Here are five key questions on the radar for the markets.

1. How will the ECB change its forward guidance?

The ECB is expected to change its policy stance to reflect the new 2% inflation target and possibly commit to a strong monetary policy response to achieve this target. Read more

Under current guidance, the ECB will buy debt for as long as needed and hold rates at current record levels until it sees inflation “converging sharply” towards its target.

Its updated forecasts must highlight the “leeway” it has given itself on inflation, otherwise it will lose credibility, Board member Mario Centeno told Reuters last week. Read more

“We believe the ECB will step up its forecast to signal a longer period of unchanged policy rates and net purchases under the Asset Purchase Program (APP) than the markets are currently anticipating,” Nick said. Kounis, Head of Financial Markets Research at ABN AMRO.

2. What is the future of PEPP?

Changing the forward guidance could be the easy part. Tackling what happens to the € 1.85 trillion ($ 2.2 trillion) PEPP emergency stimulus package, which expires next March, could be trickier and an issue the ECB is delaying until September . Read more

While an announcement extending the PEPP cannot be ruled out, there are two reasons why ECB chief Christine Lagarde might choose to postpone questions on the subject.

First, the ECB said emergency bond purchases will remain high in the third quarter and its next review will fall in September.

Second, the latest IMF staff forecast is released in September and the ECB may prefer to wait for updated inflation and growth estimates before acting.

3. Will the ECB boost its asset purchase program?

The ECB is facing pressure to show it is serious about its new 2% inflation target. This means it could increase the € 20 billion per month APP – introduced in 2014 to deal with a previous crisis and governed by stricter rules – once the PEPP is over, and add a little more flexibility.

“It is very likely that the APP will be recalibrated in terms of size and maybe even into something different,” said Frederik Ducrozet of Pictet Wealth Management.
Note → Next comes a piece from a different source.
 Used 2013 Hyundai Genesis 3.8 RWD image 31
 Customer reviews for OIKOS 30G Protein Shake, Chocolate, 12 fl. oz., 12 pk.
4. Have the downside risks to the economy increased?

Rising coronavirus infection rates, driven by the infectious delta variant, are forcing more European countries to reimpose activity restrictions, which could hamper economic recovery. Read more

Almost 90% of economists polled by Reuters said the new variants of COVID-19 pose the greatest risk to the eurozone economy, which they expect to grow healthy at 4.5% this year. Read more

The ECB could address the outlook in a new simplified statement ahead of the press conference.

5. How serious are the divisions within the Board of Directors?

ECB policymakers debated reducing stimulus measures in June as the recovery gained momentum, but found “broad agreement” to keep support high, according to the published minutes of that meeting.

As divisions have become apparent in recent weeks, economic uncertainty over COVID-19 could offer policymakers an opportunity to put their differences aside.

“Even if you believe in the need to tighten the policy, it may be better to wait until September given the uncertainties,” said Ducrozet of Pictet.

Reporting by Dhara Ranasinghe; Graphics by Saikat Chatterjee; Editing by Sujata Rao and Catherine Evans

Our standards: Thomson Reuters Trust Principles.